The Justice League set up is where the film is at its most lazy and its most laughable. While Wonder Woman, in the form of the beautiful but rather bland Gal Gadot, is present (complete with a rollicking theme), she is disappointingly very inconsequential to the proceedings, seemingly only present so that Bruce Wayne can send her an email containing video clips of other future Justice League members. What Marvel took their time to do over the course of five films, BvS attempts in an email, and it is just as lazy, dumb and uninspired as that sounds.

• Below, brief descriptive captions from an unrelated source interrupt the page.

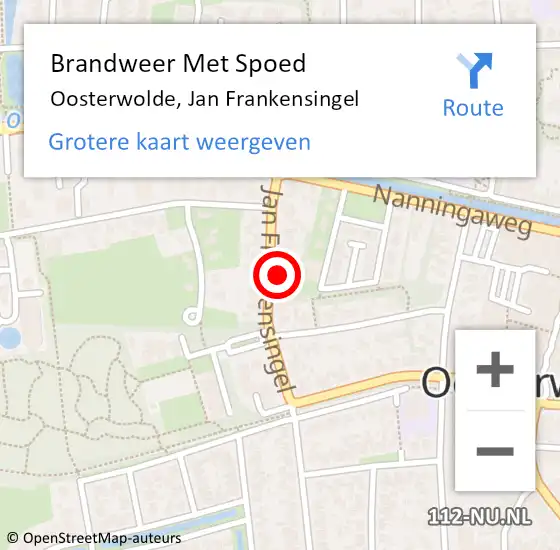 Locatie op kaart van de 112 melding: Brandweer Met Spoed Naar Oosterwolde, Jan Frankensingel op 27 september 2023 19:51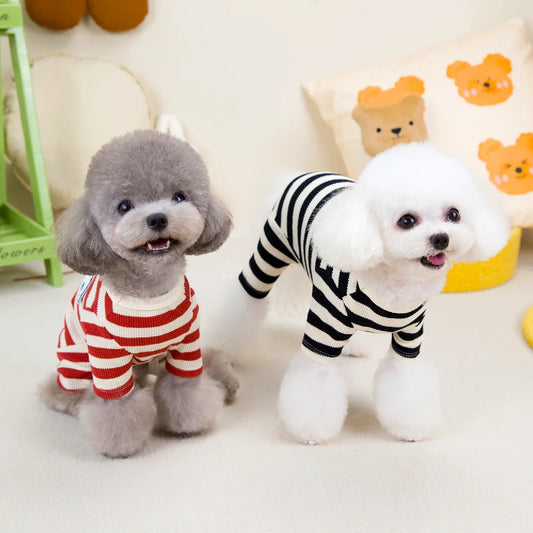 Hunde-Jumpsuit mit Streifen – Warm, verspielt &amp; auffällig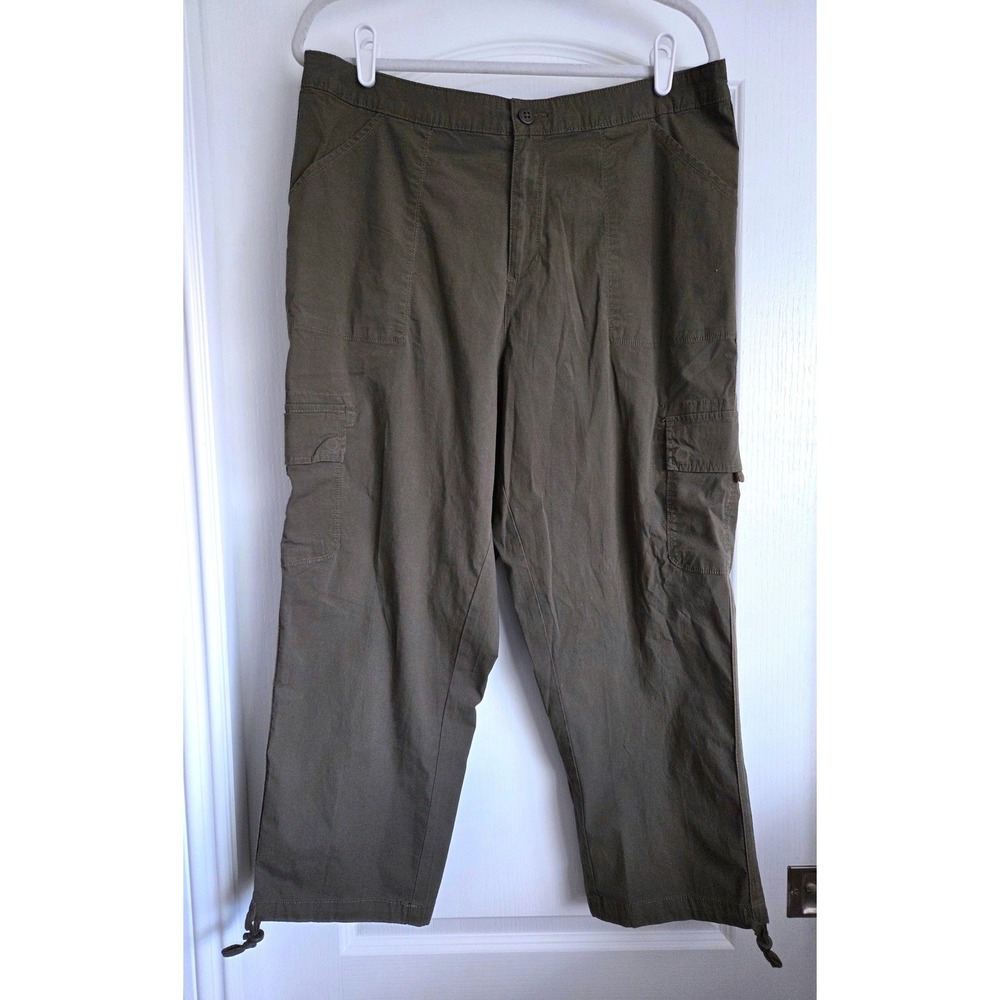 Sanctuary Olive Green Back Elastic Utility Cargo Cinch Cropped Pants Sz 1X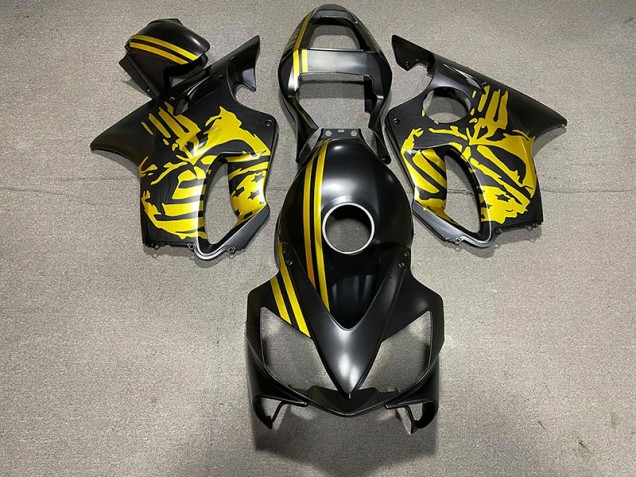 01-03 Matte Black & Gold Skull CBR600 F4i Fairings 01-03 Matte Black & Gold Skull CBR600 F4i Fairings
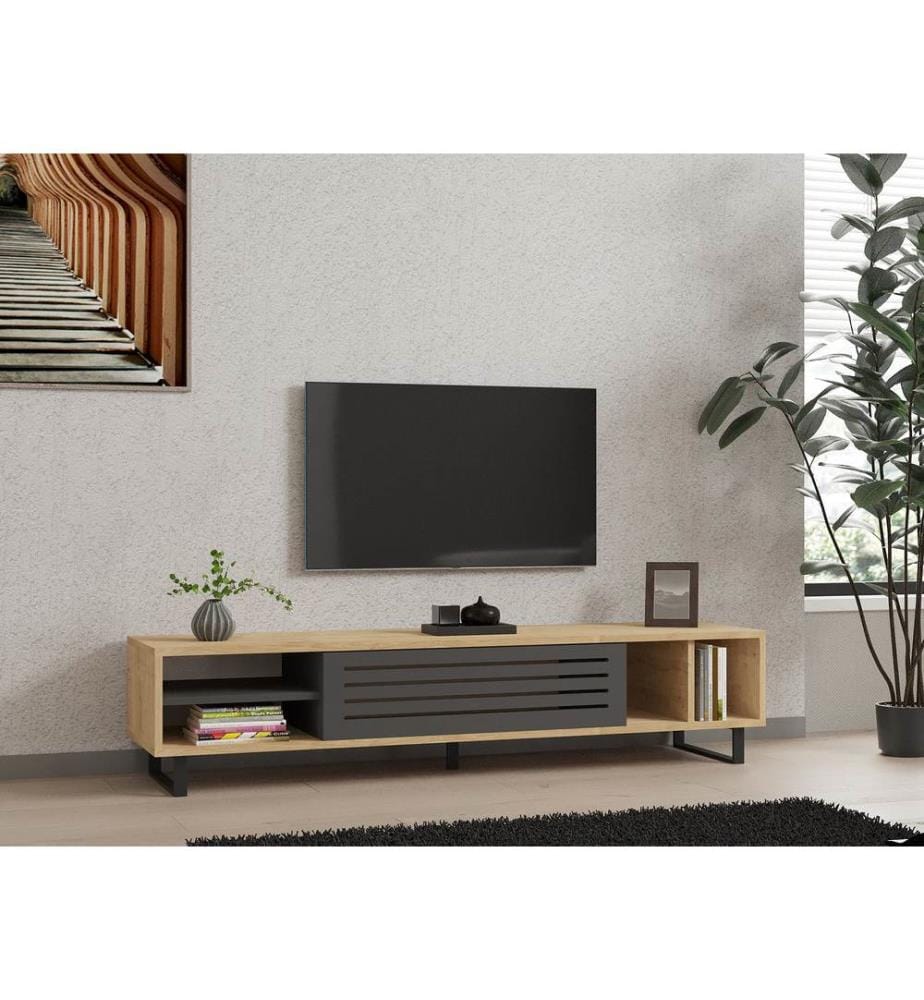 TV Stand, SapphireAnthracite, Melamine Coated Particle Board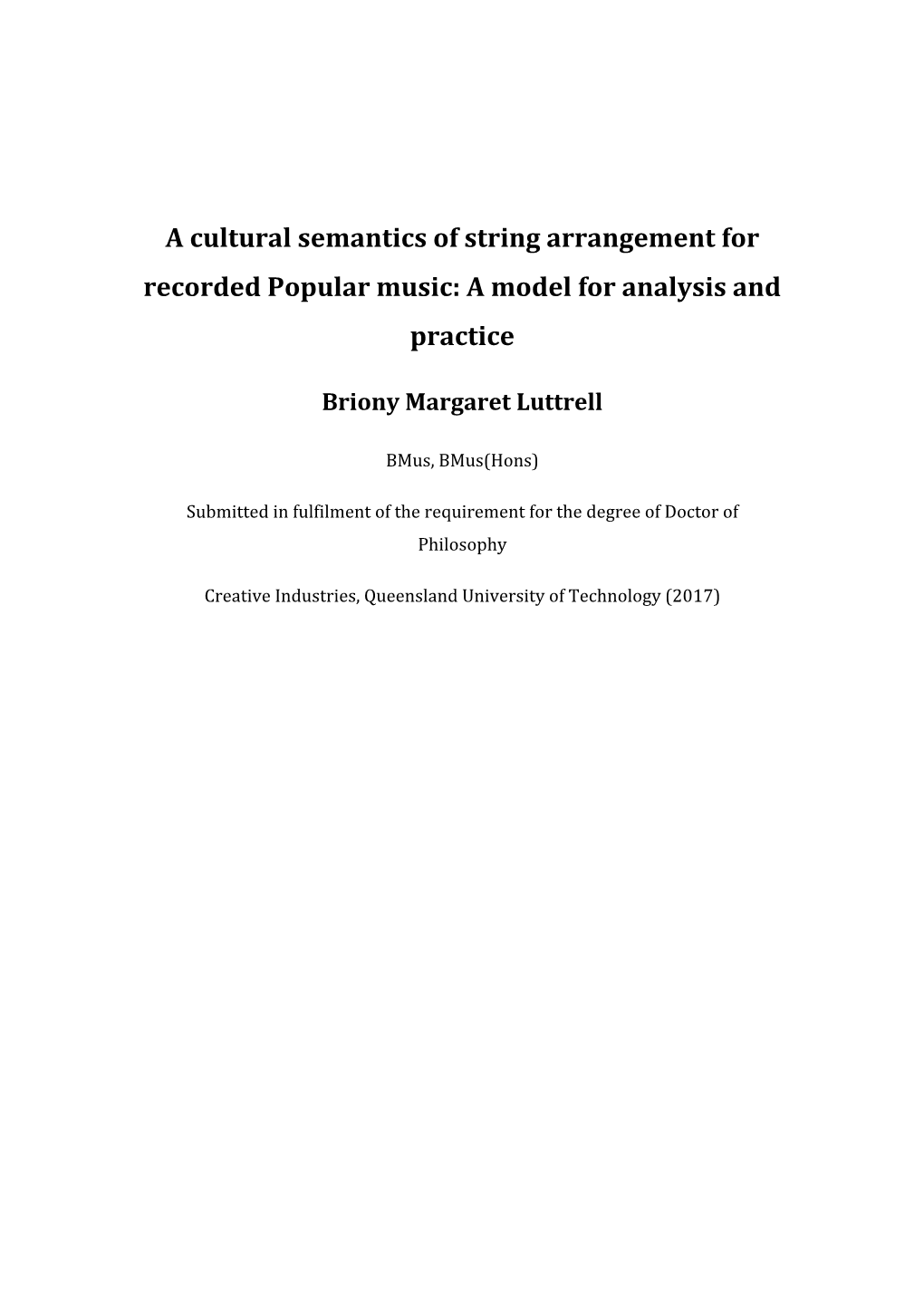 A Cultural Semantics of String Arrangement for Recorded Popular Music: a Model for Analysis and Practice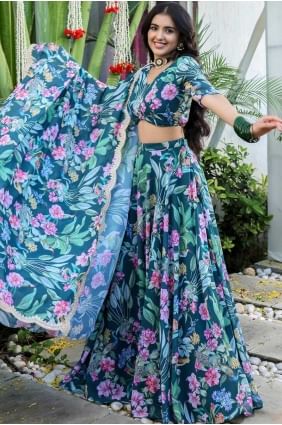 Rama Lehenga Choli with Printed Faux georgette LC8512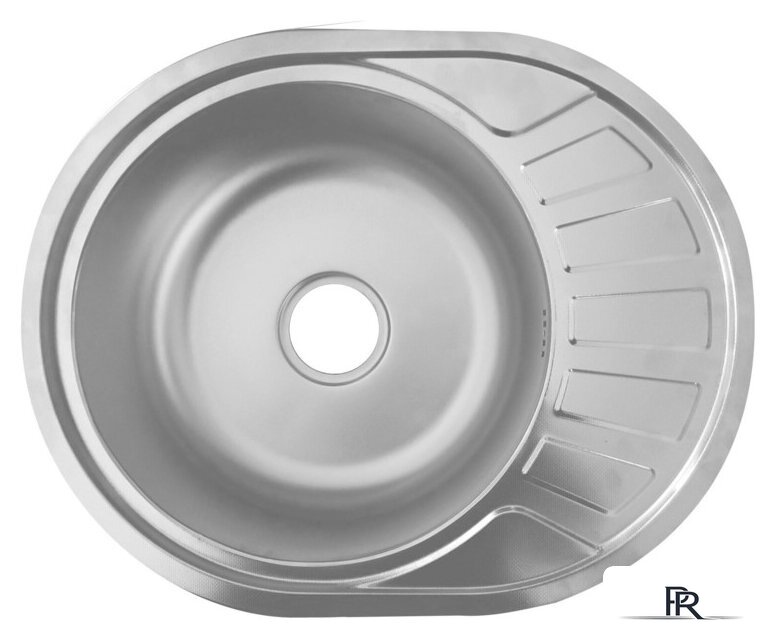 Кухонная мойка AKS Овальная 57x45 (матовый хром) - Изображение №1 — Интернет-магазин ПроЗаказ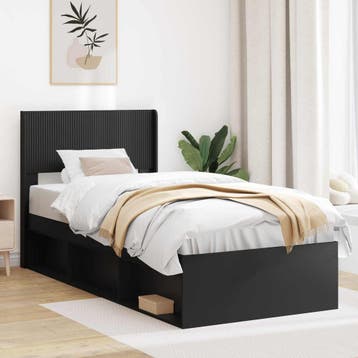 vidaXL Hoofdbord Zwart PB, Verzenden, Nieuw, Zwart, Hout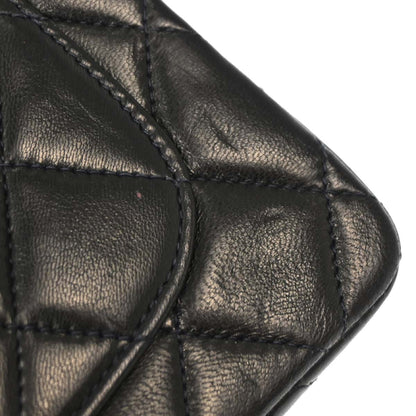 Chanel 1991-1994 Black Lambskin Mini Classic Square Flap Shoulder Bag 17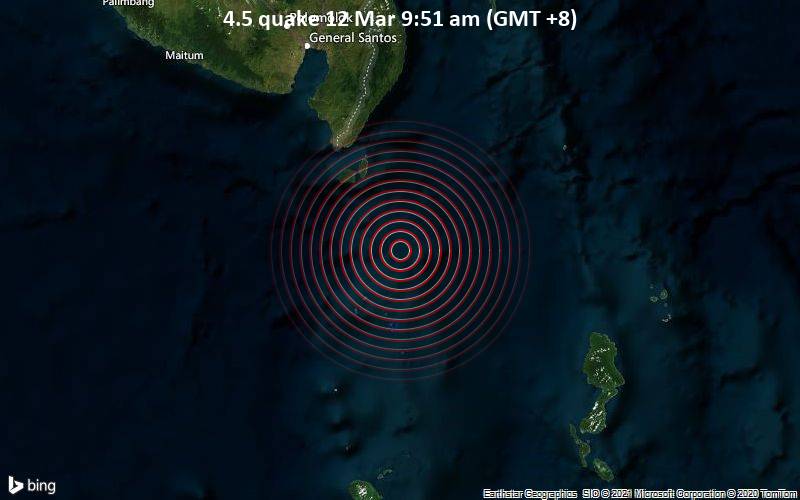 Leichtes Erdbeben der Stärke 4.5 - Philippines Sea, 51 km südöstlich von Sarangani, Davao Occidental, Philippinen, am Freitag, 12. Mär 2021 um 09:51 Lokalzeit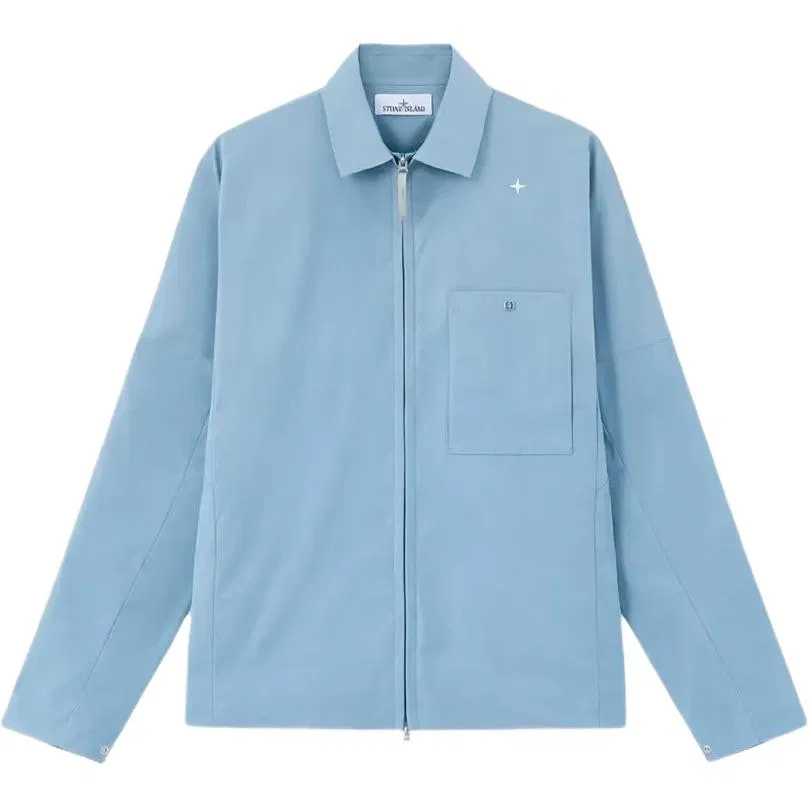 Мужская рубашка с застежкой-молнией Stone Island, Sky Blue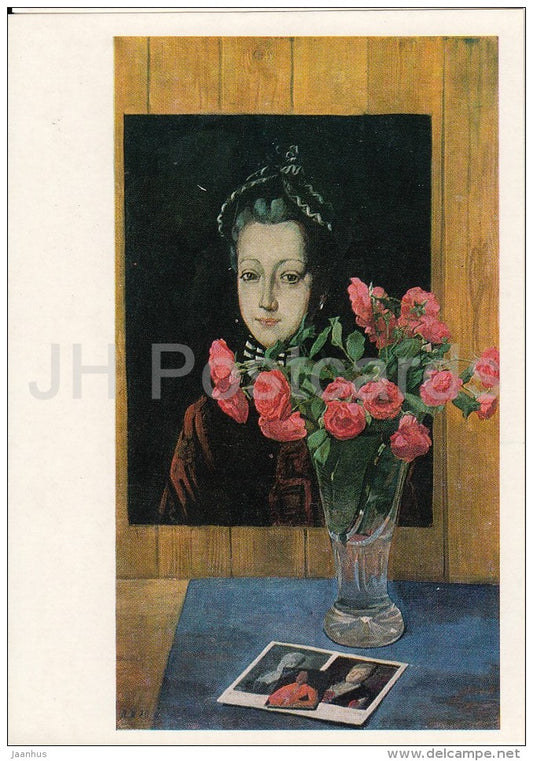 painting by D. Zhilinsky - Still Life with Russian Portrait , 1976 - roses - Russian art - 1986 - Russia USSR - unused - JH Postcards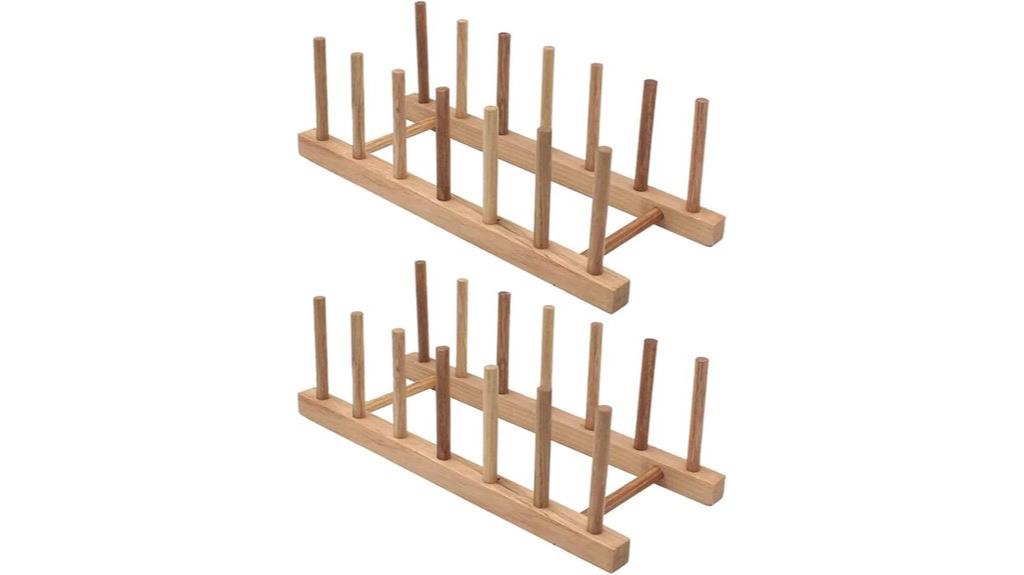 pair of bamboo dish racks
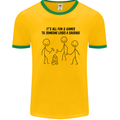 Funny Camping Sausage Mens Ringer T-Shirt Gold/Green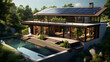 Solar panels on the gable roof of a beautiful modern home. Solar Power Concept. Generative AI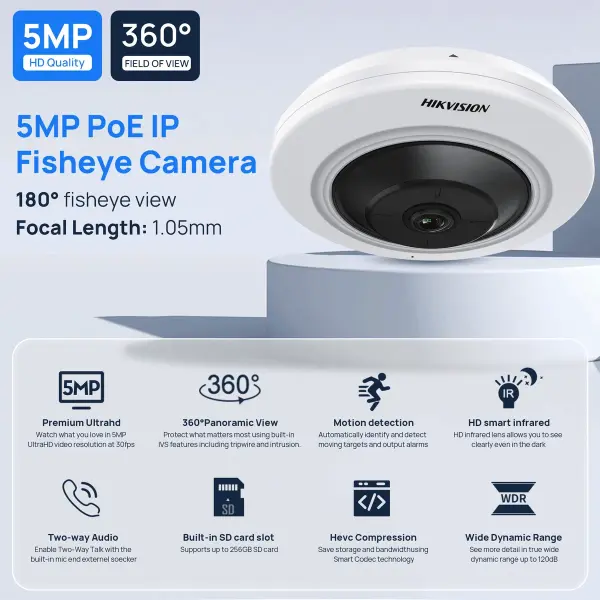 Fisheye 360° 5MP IP Hikvision caméras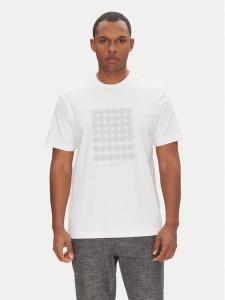 BOSS T-Shirt Tee Print Striped C 50537845 Biały Relaxed Fit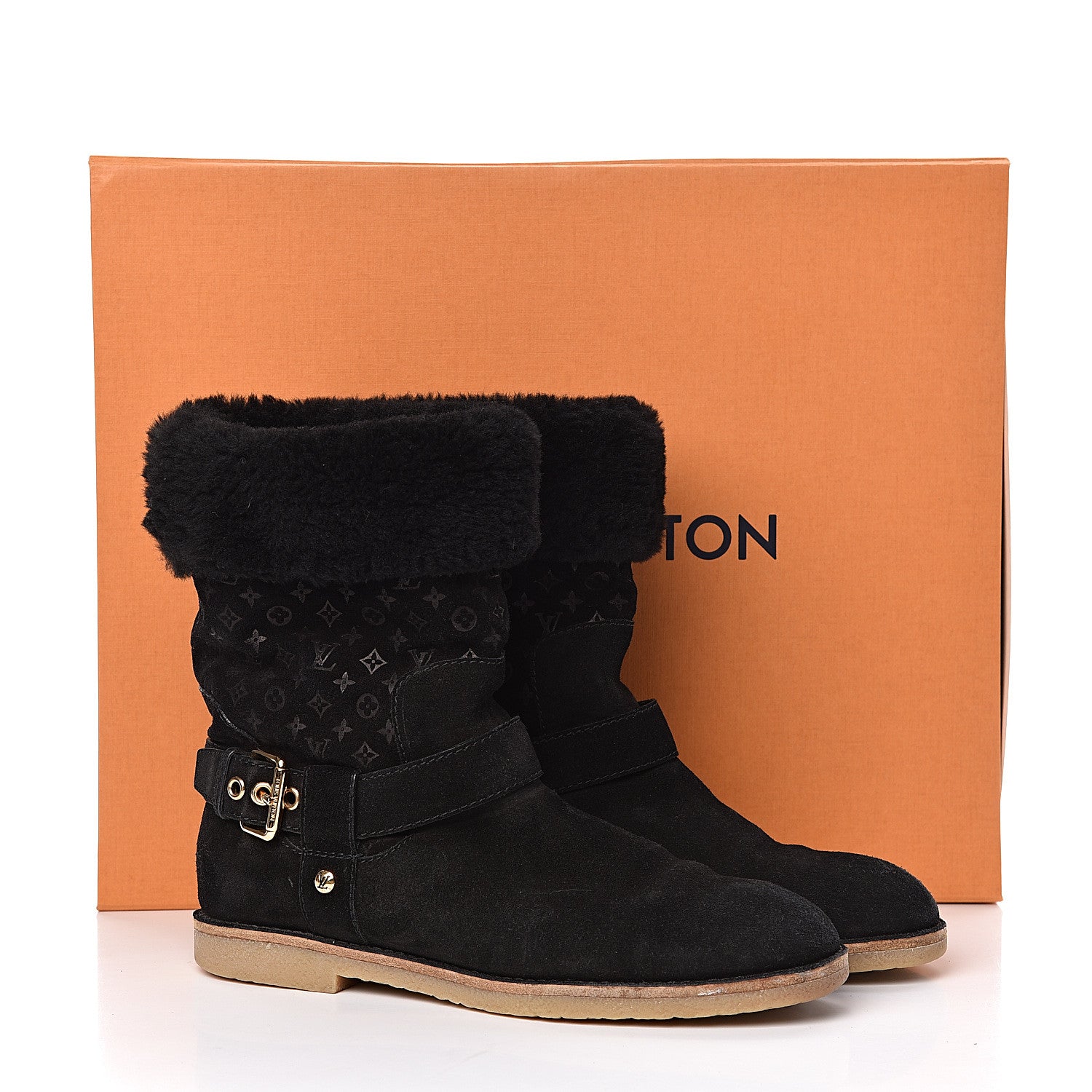Louis Vuitton Suede Shearling Fauvist Boots 39 Black 10 of 10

BvS does seem to have weakened the DC Extended Universe more than it has strengthened it. While I enjoyed myself a darn sight more than I did in Man of Steel, there is no escaping that Snyder and co. still get a hell of a lot wrong. Snyder remains a strong visualist, but one who has a poor sense of judgement when it comes to character, while my hatred for David S. Goyer requires another post entirely. What we have here is a strange and disparate movie, one akin to dumping a bucket load of bouncy balls on a table top n the hope that some stay on the surface. It remains to be seen how DC’s future will pan out, and for the sake of the characters (most of whom I have a great deal of affection for), I hope this extended universe can be both critically and commercially successful. Guess we’re just going to have to be patient.
2/5- BvS is Blockbuster Cinema at its most unsophisticated, resulting in an un-intentionally hilarious, only occasionally inspired, yet never dull take on two pop culture icons.